## Work required
Write out the listing below in full and exactly, leaving out every picture.
________________________
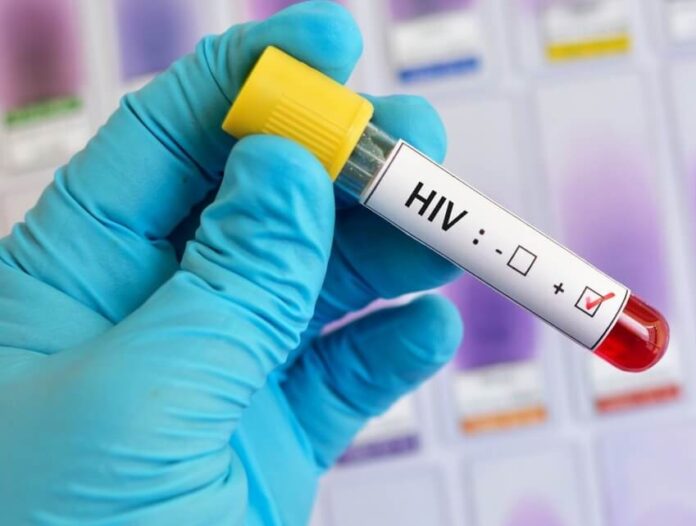 HIV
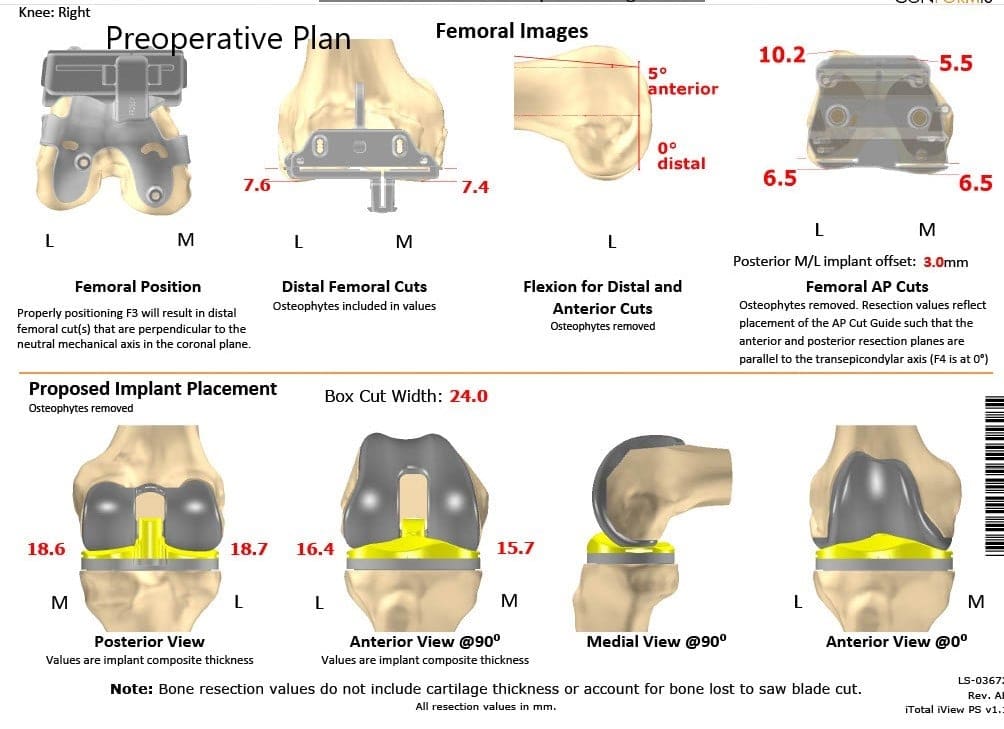 Plan quirúrgico completo de ortopedia específico para un reemplazo unilateral de rodilla personalizado en una mujer de 74 años - ecografía 2
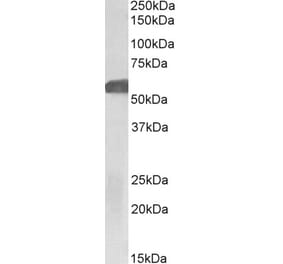 Western Blot - Anti-GLP-1R Antibody (A83537) - Antibodies.com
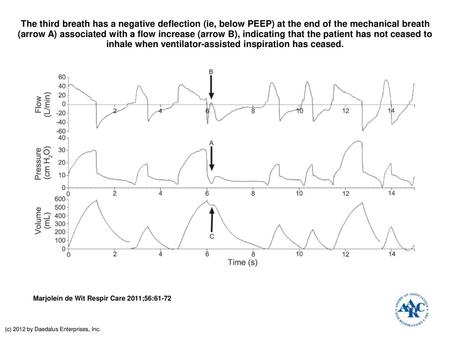 The third breath has a negative deflection (ie, below PEEP) at the end of the mechanical breath (arrow A) associated with a flow increase (arrow B), indicating.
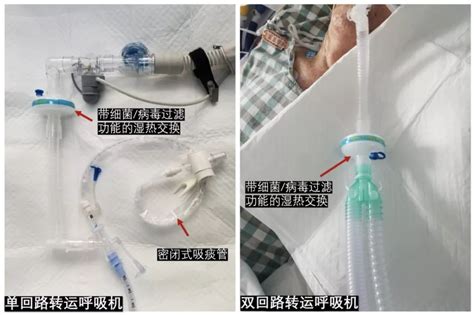 呼吸机管路连接图图片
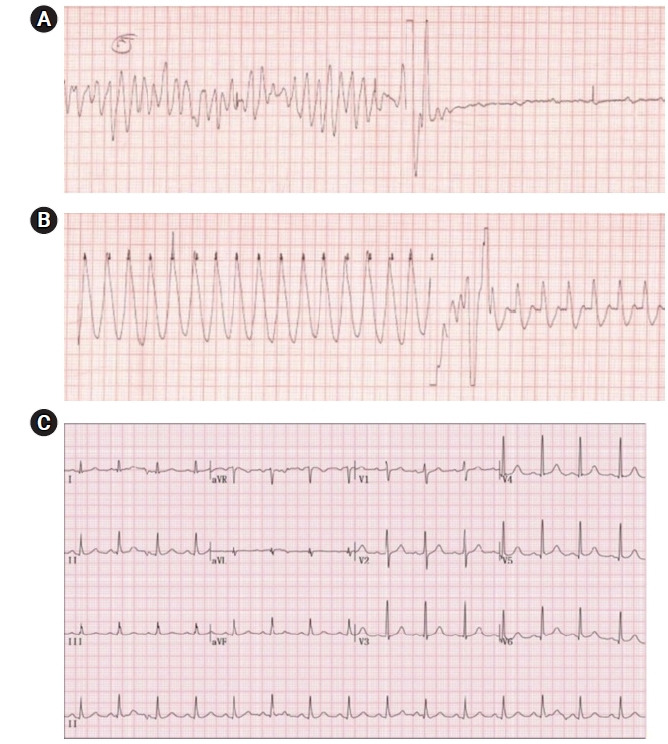 Two cases of late-onset cardiovascular toxicities after a single injection of local anesthetics during supraclavicular brachial plexus block - A report of two cases.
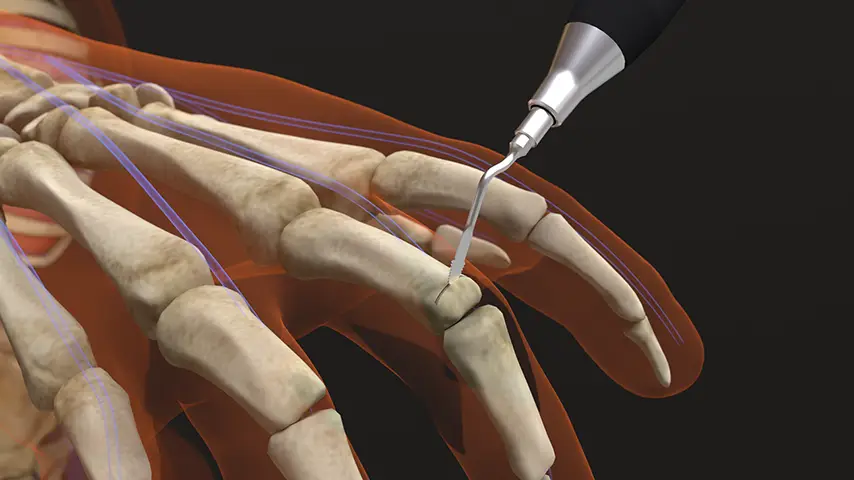Interphalangeal Joint Arthrodesis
________________________
## Exercise response
 HIV
 Plan quirúrgico completo de ortopedia específico para un reemplazo unilateral de rodilla personalizado en una mujer de 74 años - ecografía 2
 Western Blot - Anti-GLP-1R Antibody (A83537) - Antibodies.com
 The third breath has a negative deflection (ie, below PEEP) at the end of the mechanical breath (arrow A) associated with a flow increase (arrow B), indicating.
 呼吸机管路连接图图片
 Two cases of late-onset cardiovascular toxicities after a single injection of local anesthetics during supraclavicular brachial plexus block - A report of two cases.
Interphalangeal Joint Arthrodesis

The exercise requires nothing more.